Web page caption snippets:
○ ○ ○

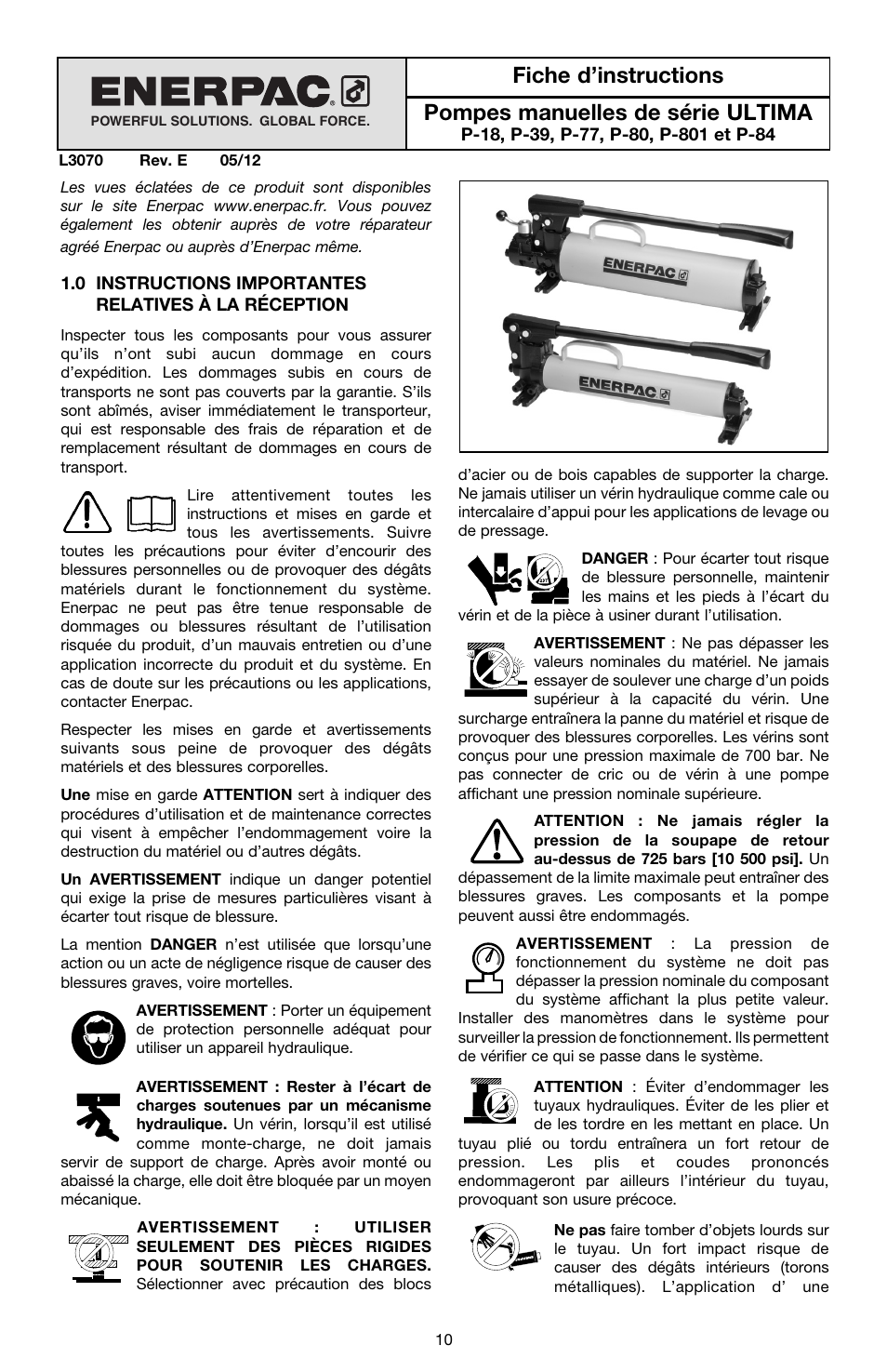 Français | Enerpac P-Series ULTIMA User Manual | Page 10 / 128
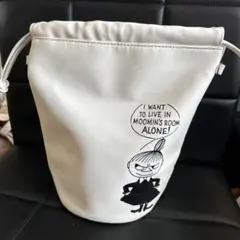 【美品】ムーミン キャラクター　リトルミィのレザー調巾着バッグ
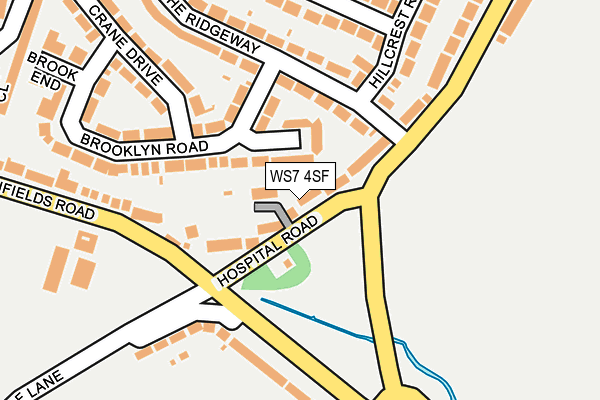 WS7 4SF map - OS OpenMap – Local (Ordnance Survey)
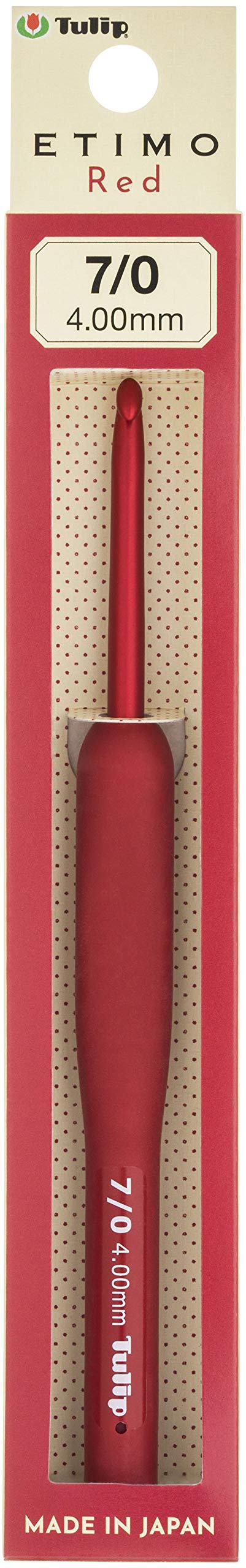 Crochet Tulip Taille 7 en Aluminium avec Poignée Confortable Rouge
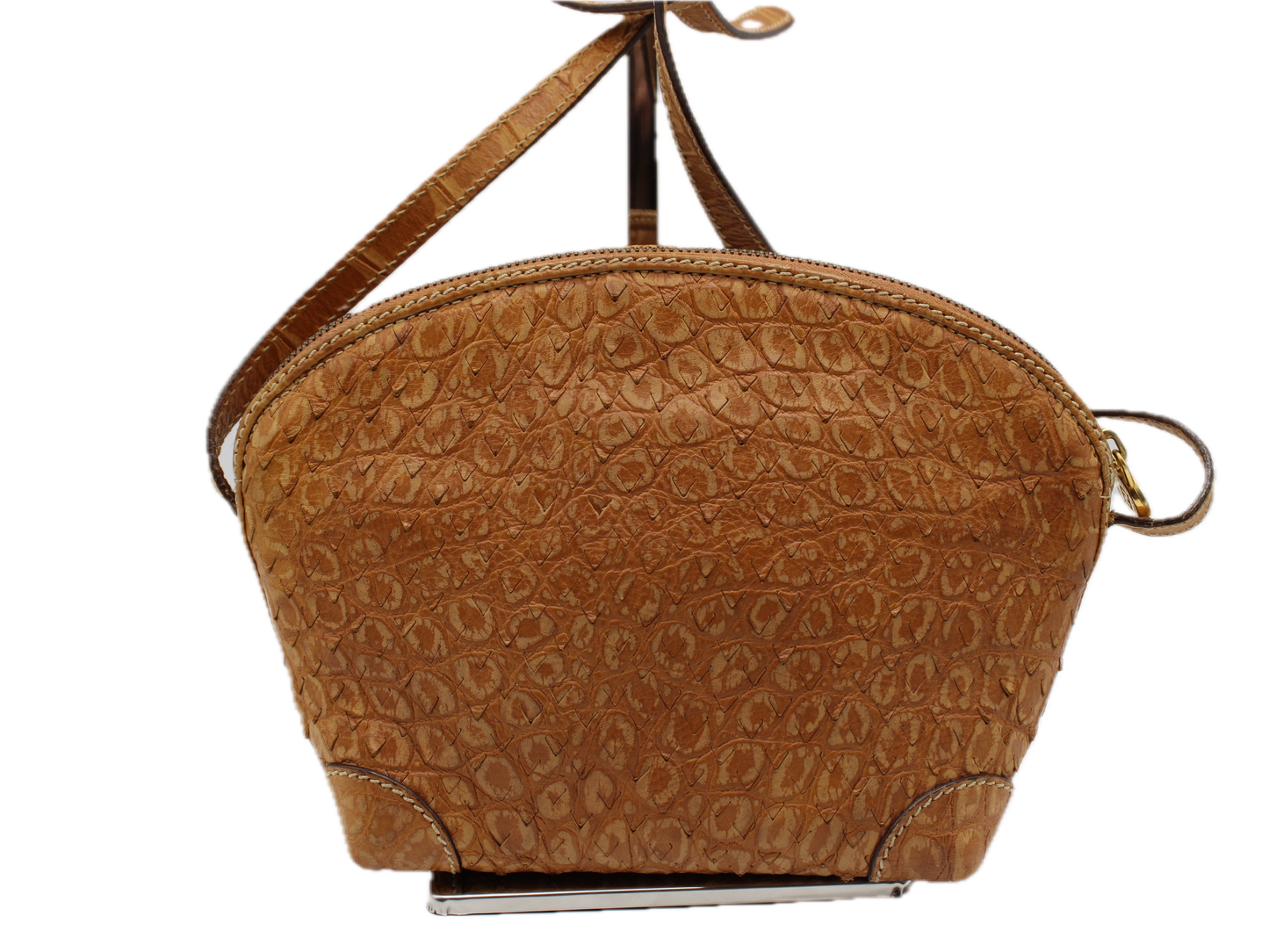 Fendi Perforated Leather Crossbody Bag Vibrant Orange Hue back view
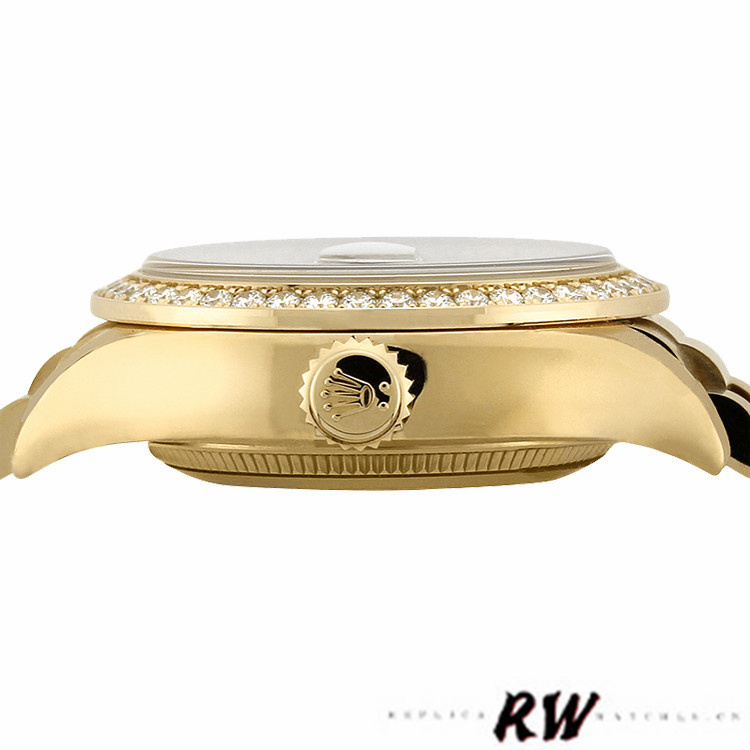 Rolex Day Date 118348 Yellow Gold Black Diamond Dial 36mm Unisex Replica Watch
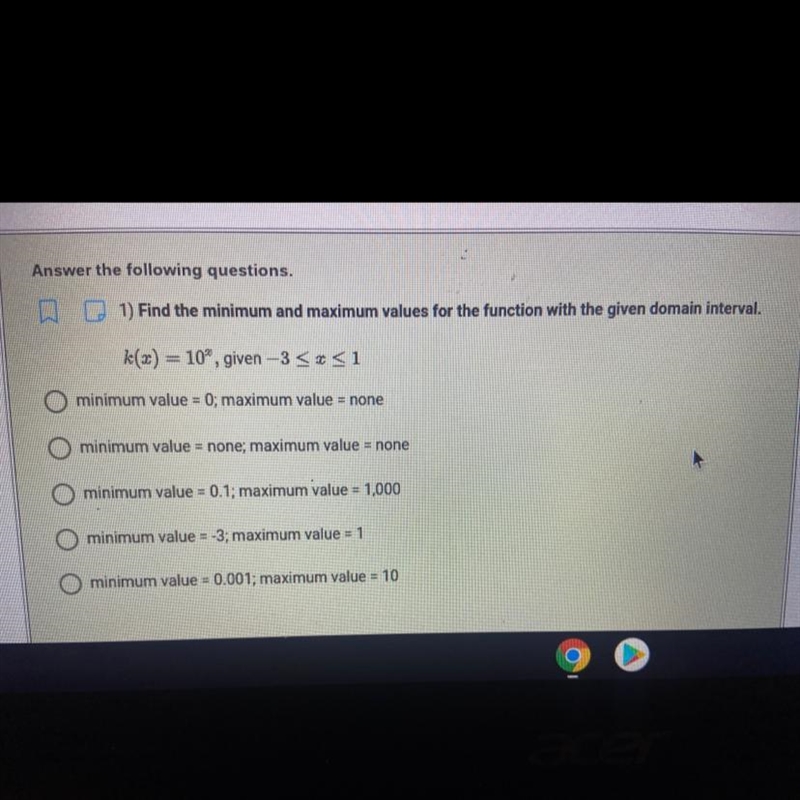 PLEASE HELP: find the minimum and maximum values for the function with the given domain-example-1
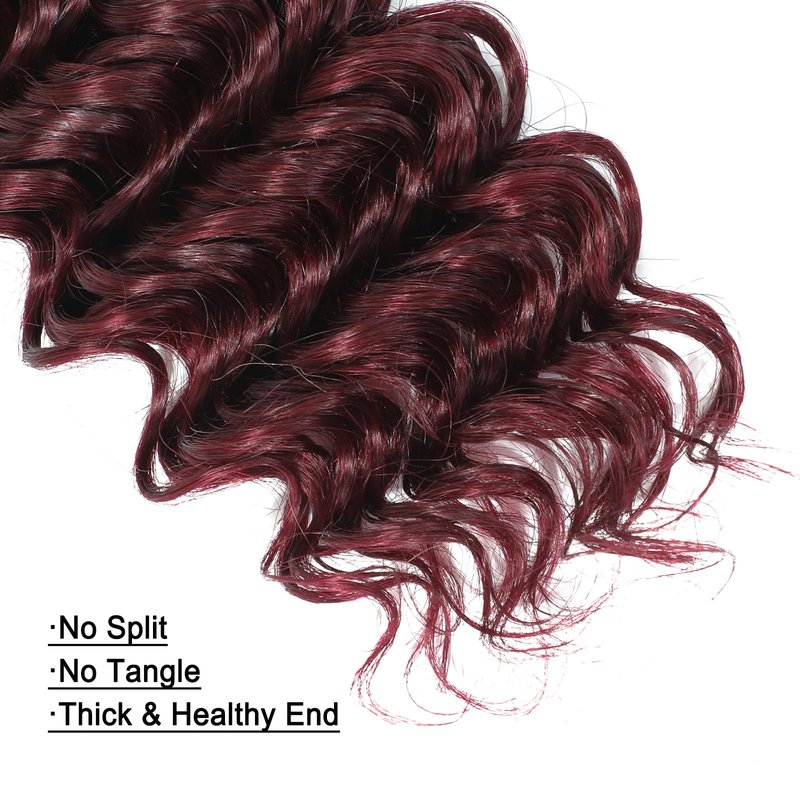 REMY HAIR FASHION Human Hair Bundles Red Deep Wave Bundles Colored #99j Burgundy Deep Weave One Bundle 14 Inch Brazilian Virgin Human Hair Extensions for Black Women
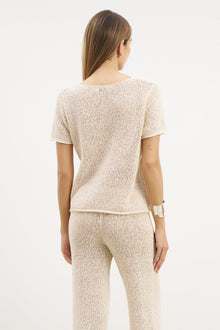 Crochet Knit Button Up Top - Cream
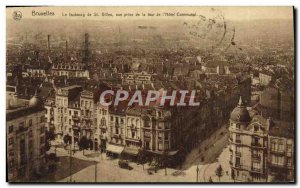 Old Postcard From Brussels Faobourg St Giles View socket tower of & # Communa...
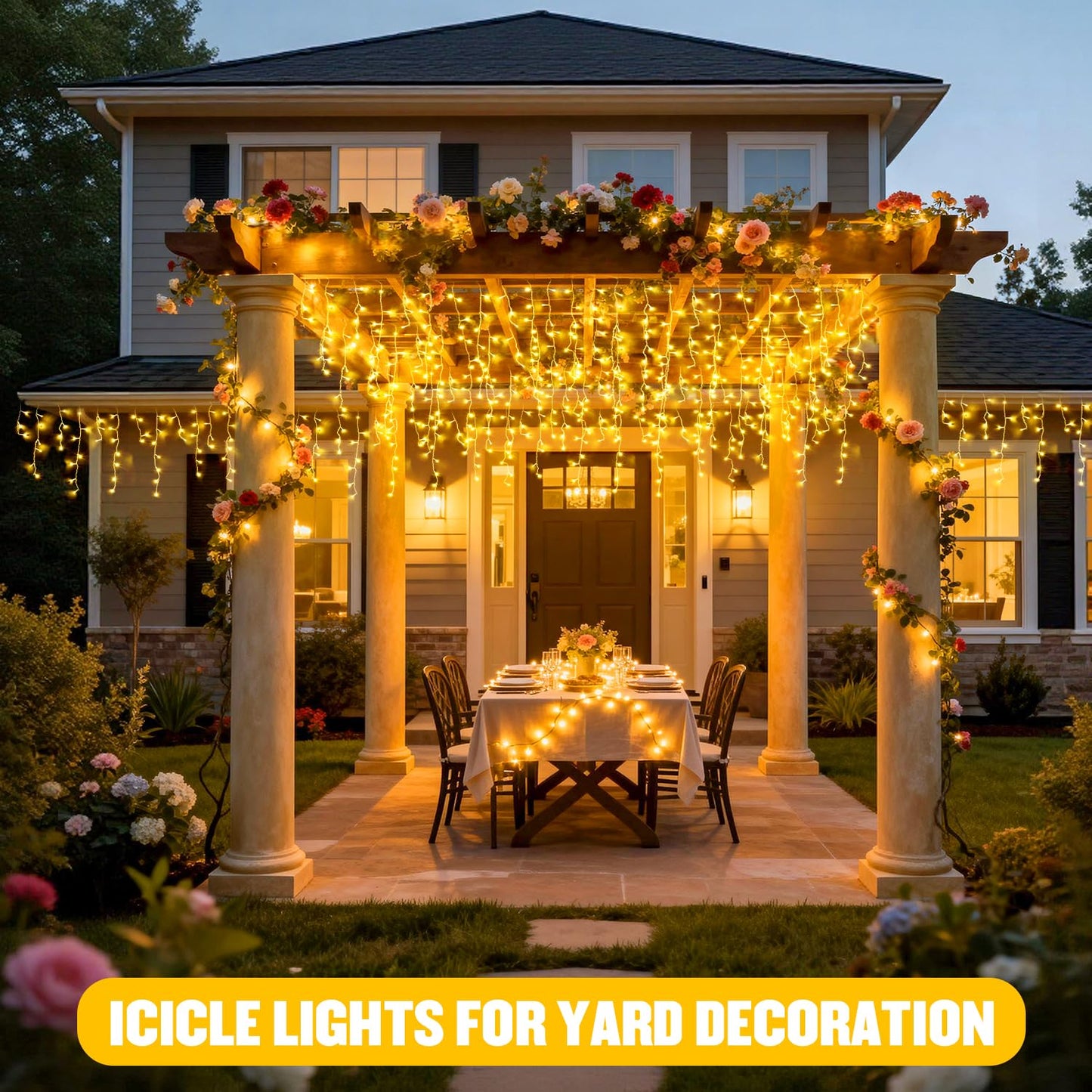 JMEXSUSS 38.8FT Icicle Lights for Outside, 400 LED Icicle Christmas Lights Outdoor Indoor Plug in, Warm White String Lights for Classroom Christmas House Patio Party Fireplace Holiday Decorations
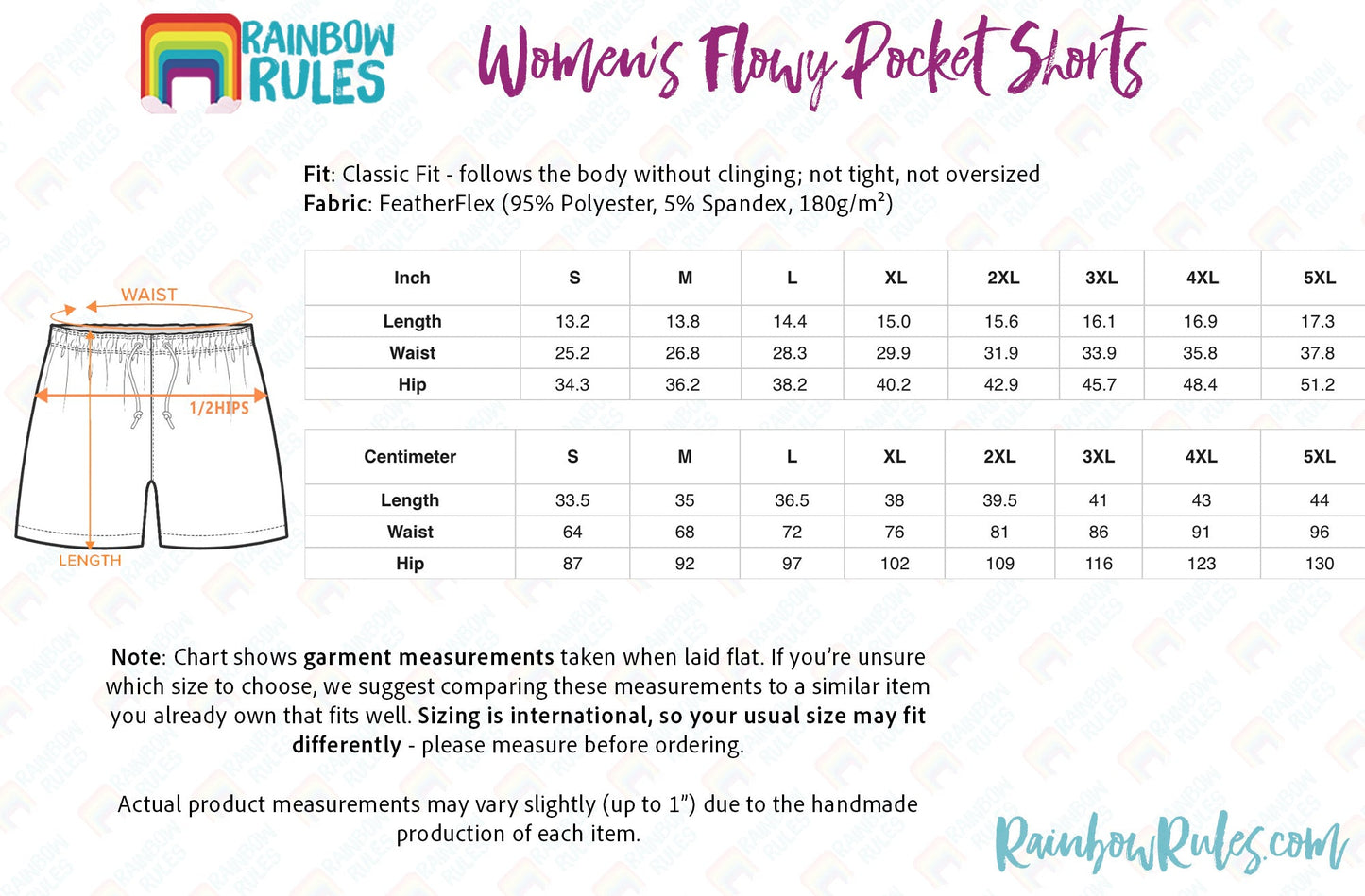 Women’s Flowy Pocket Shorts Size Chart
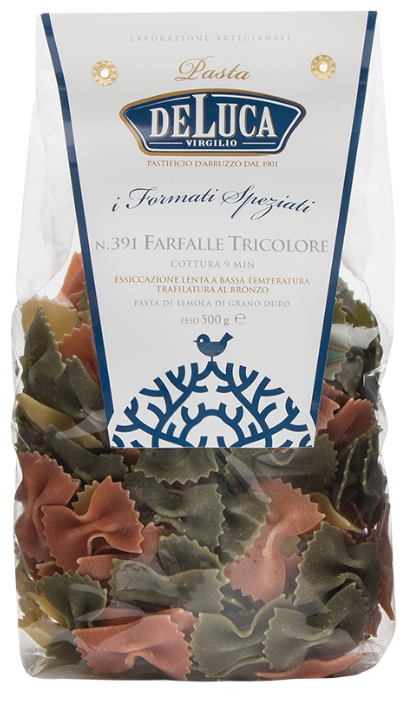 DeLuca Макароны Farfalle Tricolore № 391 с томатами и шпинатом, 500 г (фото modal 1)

○ ○ ○

_WHAT THIS TASK INVOLVES_
Where pictures appear, omit them, and transcribe exactly, with nothing else, the lines from the line with "Women’s Flowy Pocket Shorts Size Chart" through the final line of the records above, both ends included.

_SOLVED PROBLEM_
 Women’s Flowy Pocket Shorts Size Chart
 DeLuca Макароны Farfalle Tricolore № 391 с томатами и шпинатом, 500 г (фото modal 1)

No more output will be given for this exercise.